2. Study the schematics of the robot amp board, test if we can power on and off the 5V voltage regulator separately with the existing configuration.
- Identify the power source of OMALP and F28335
- On the amp board, there are two 5V sources available. Only one of them is being used to supply 5V power to both F28335 and OMALP.
- There is a power jack coming out of the amp board is not used also.
- Need to separate the 5V supply going to OMALP (and its components) and F28335 (and its components)
- Need to add a power jack on the OMALP/F28335/camera board.
- Need to add a voltage regulator for the new 5V supply, to bring 5V down to 3.3V and use that for 3.3V components that are related to F28335.
EagleCAD work (robotomalp138_v4):
- In P.1 of the schematic, power supply and voltage regulator is shown there.
- Added another power supply, named +5V_F28335.
- Added another voltage regulator (5V->3.3V). The output is called +3.3V_F28335
- In P. 5 and 6 of the schematic, everything pertains to F28335 and its related components.
- Identified all the 5V and 3.3V supplies that were related to F28335. Deleted the wires, redid the connection, and named it to be +5V_F28335 or +3.3V_F28335 accordingly.
- Added the components on the board. It was placed closer to the F28335 to avoid complication of two different 5V supply going all over the board.
- DO NOT move SV 16, because its used as the header for the shield board.
- Deleted the original GND and +5V plane.
- Re-drew the GND plane. It covered the entire board area. Used Route2
- Drew the +5V_F28335 plane using the polygon tool on Route 3. It covered all the components that uses +5V_F28335 supply
- Drew another +5V supply plane on Route 3. Only covered the other components using +5V.
- Edited the design rule based on the on the same specification as robot_omalpSOM138_v3. [Basically leave everything as default, and change the Layer tab only.]
- In Design Rule -> the layer tab, Setup, change it from (1*16) to (1*2*3*16), as the board was a 4-layer board.
- Ran auto-router. Disable optimizer for the first run.
- When the auto-router completed the routing, re-ran the auto-router again, set all the Optimizers to be active.
- Prepared the CAM files based on the instruction on the Lab4 EAGLE tips. NOTE: this is a 4 layer board, so use 4layerwithsilkscreen.cam instead.
- Submit for a PCB check at www.4pcb.com
3. PCB check
- Referred to the instruction on Lab4 again. However, since the board was a 4-layer board, couple more files were needed:
i. *.g02 Inner Copper; Positive; Layer 2
ii. *.g03 Inner Copper; Positive; Layer 3
- Changed LayerCount to 4.
- Inner Copper Wt to 1oz
Keep the rest as default.
Figure 1: New board after routing
- The 5V regulators on the amp board are currently powered by the same source. According to the data sheet, a transistor should be used to turn the 5V regulator on or off at pin 1 (remote on/off).

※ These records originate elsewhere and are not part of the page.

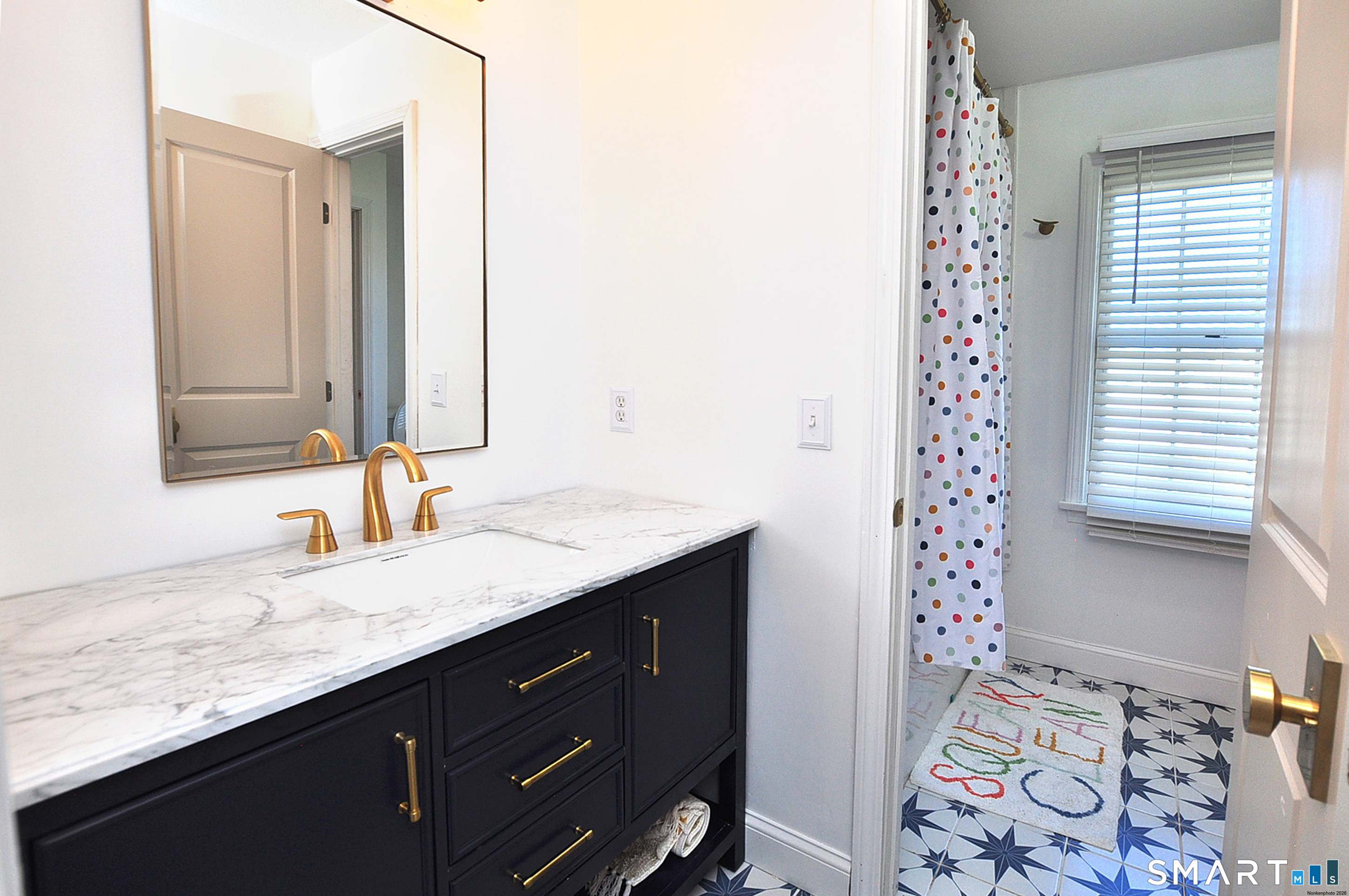 112 Gilbert Lane South Windsor CT 06074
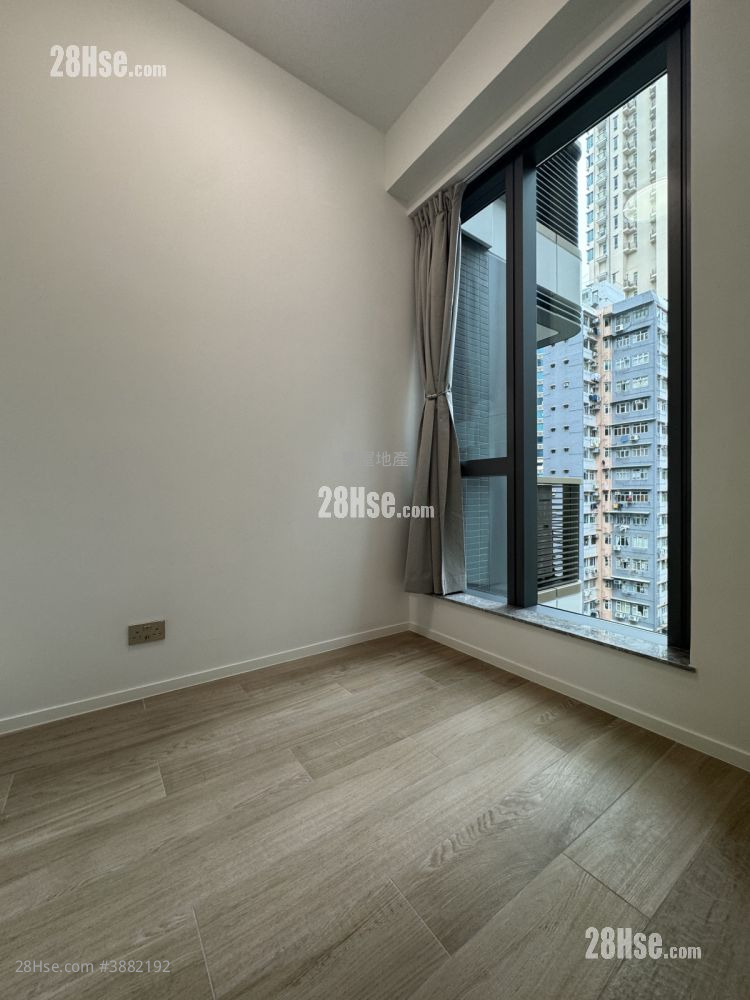 Spring Garden Rental 1 Bedroom , 1 Bathroom 278 ft² ( 25.8 m² )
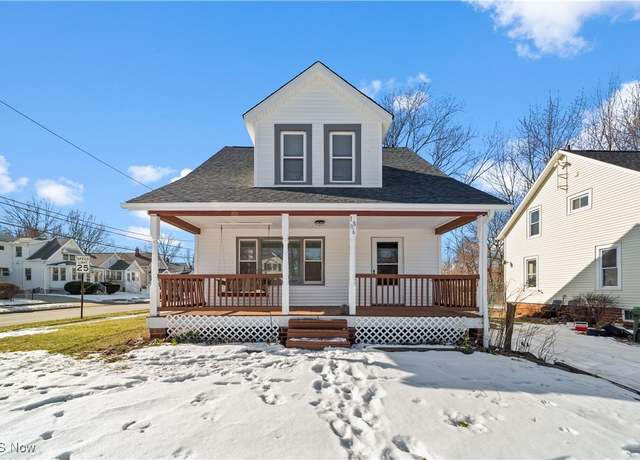 Property at 1806 E 290th St, Wickliffe, OH 44092, 3 beds, 1 bath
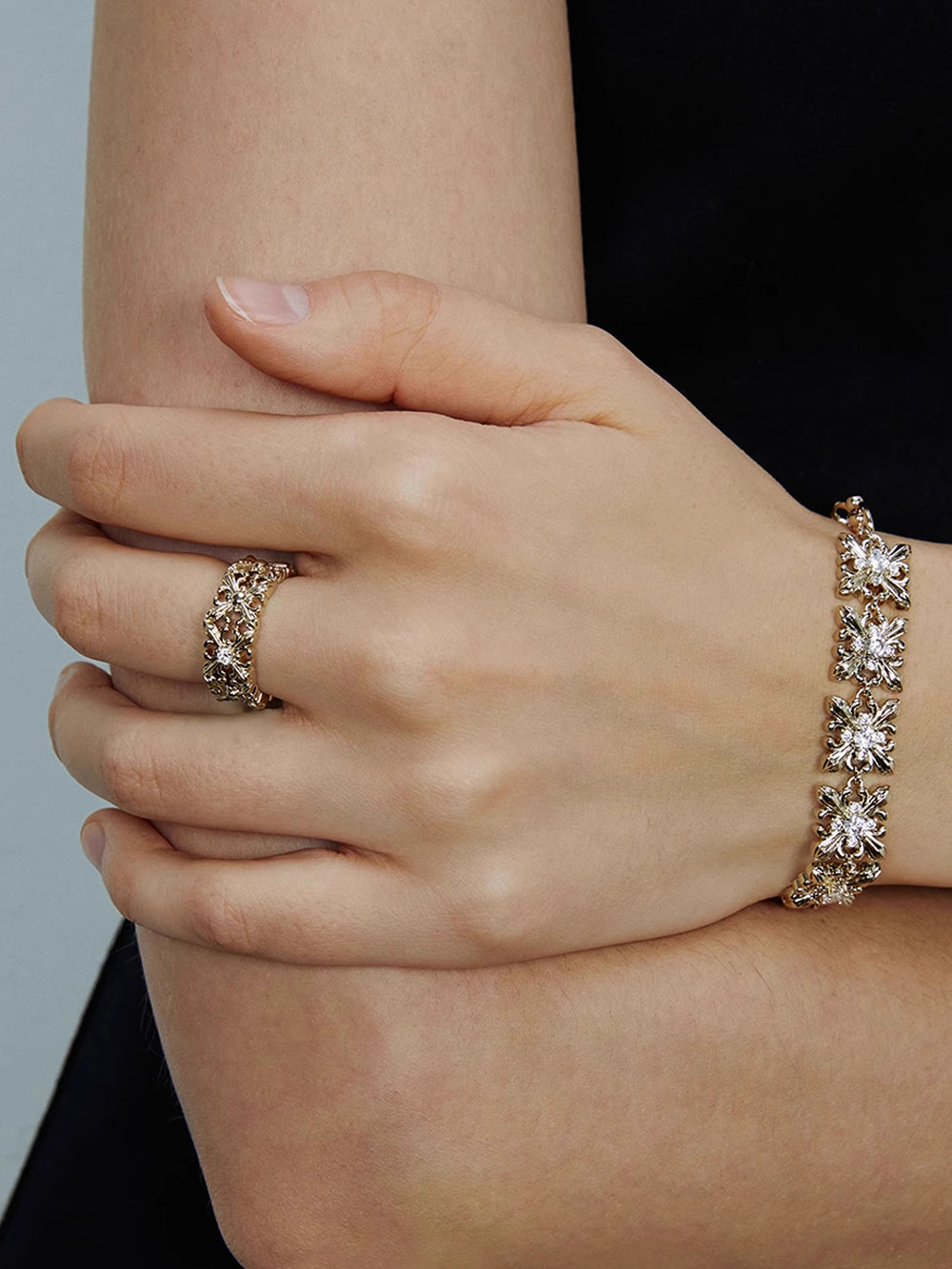 MUKTANK×SUN HUNTER Small Iris-themed Bracelet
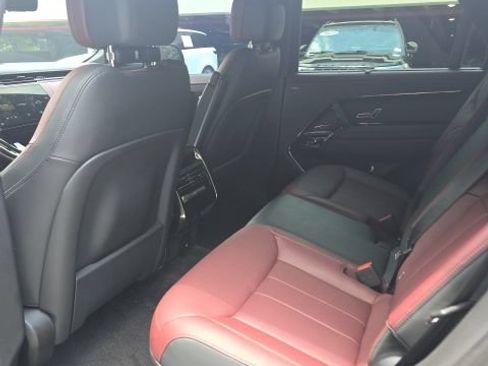 Used 2025 Land Rover Range Rover Sport Dynamic SE AWD/4WD image 13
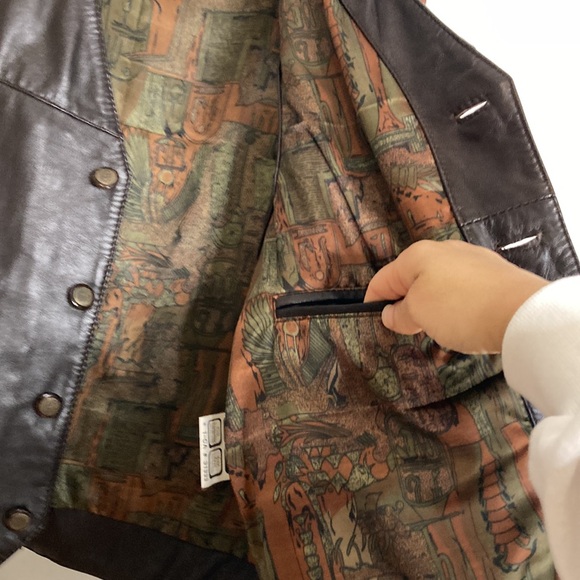 Vintage Leather Vest Mens 36 Brown Button Up Waistcoat Western Olde Hide House - Picture 11 of 15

- The current board already has the transistor (BS138) for each of the regulators. They receive the same input, but they are not connected to the 5V regulator.
- As per instruction on the data sheet, a MOSFET should always be used to turn on/off the regulator
- To tests if we can turn on and off the regulator separately, the homework board was used. The on off of the TIP122 transistor on the board was controlled by the GPIO pins. The collector pin was connector to the Pin1 (remote on/off) of the regulator.
- The output of the voltage regulator was tested with a digital multimeter. TIP122 was able to be used as on/off control of each of the voltage regulator.